## WHAT IS NEEDED
A word-for-word copy of the following listing is needed. Leave out its images.

## COLLECTED MATERIAL
★ ★ ★ ★ ★ ★ ★

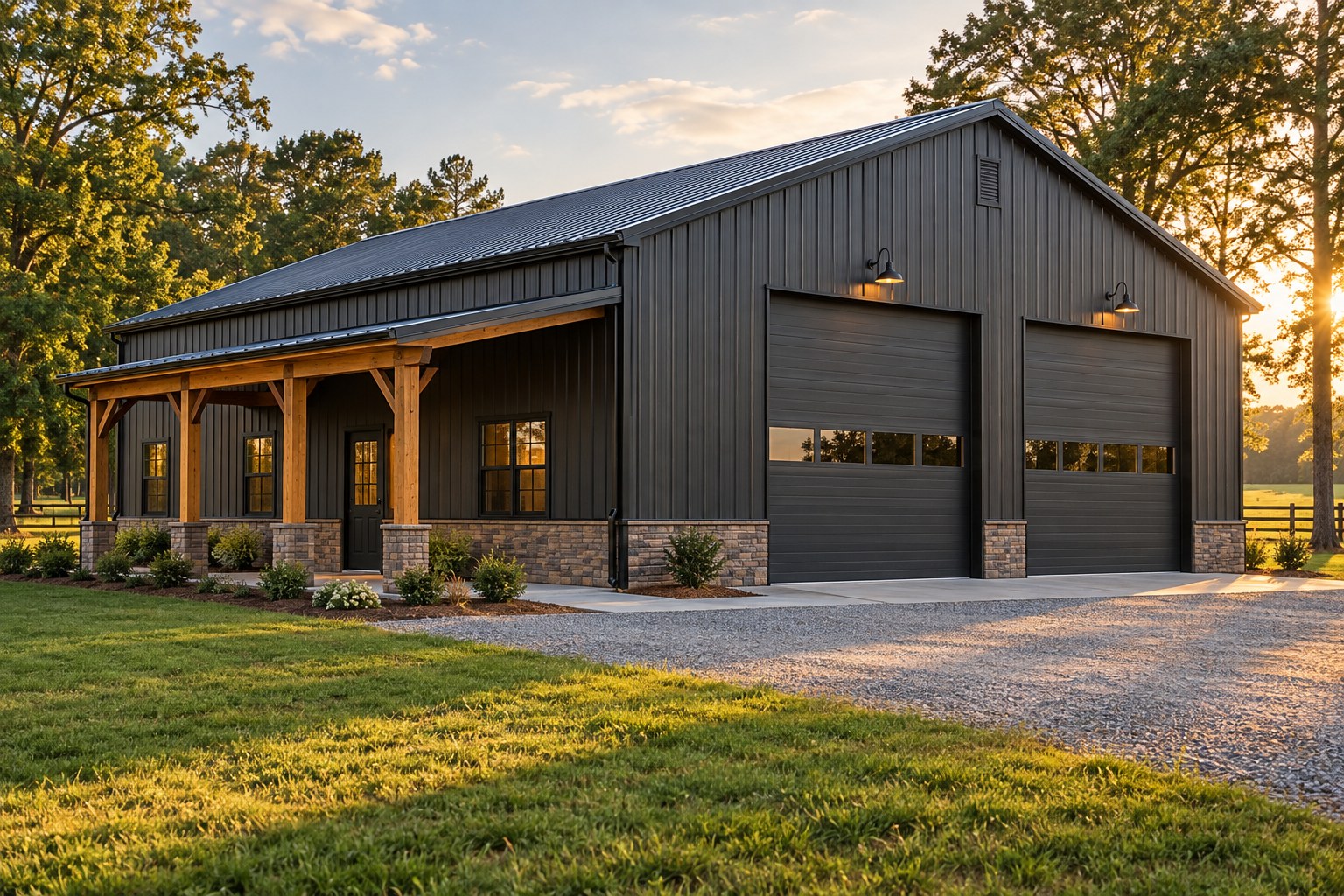Concept of a charcoal post-frame workshop on a rural property
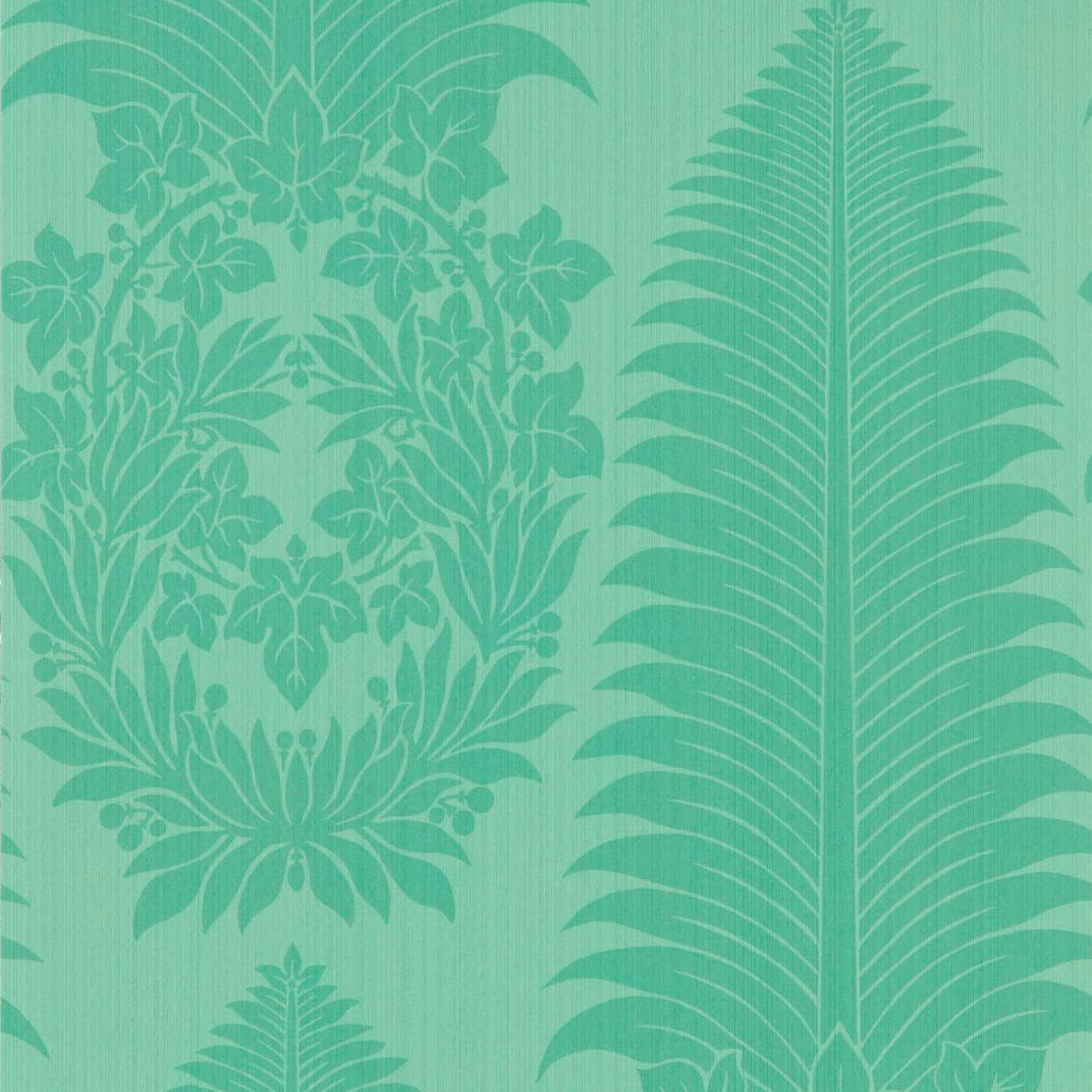 Pale turquoise wallpaper with darker palm fronds and ornate damask foliage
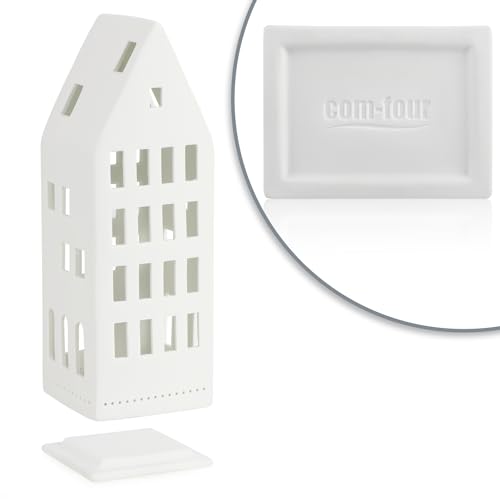 COM-FOUR® tea light house made of porcelain, house made of matt porcelain with tea light base, light house - Image 4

★ ★ ★ ★ ★ ★ ★

## RESPONSE TO THIS EXERCISE
Concept of a charcoal post-frame workshop on a rural property
 Pale turquoise wallpaper with darker palm fronds and ornate damask foliage
 COM-FOUR® tea light house made of porcelain, house made of matt porcelain with tea light base, light house - Image 4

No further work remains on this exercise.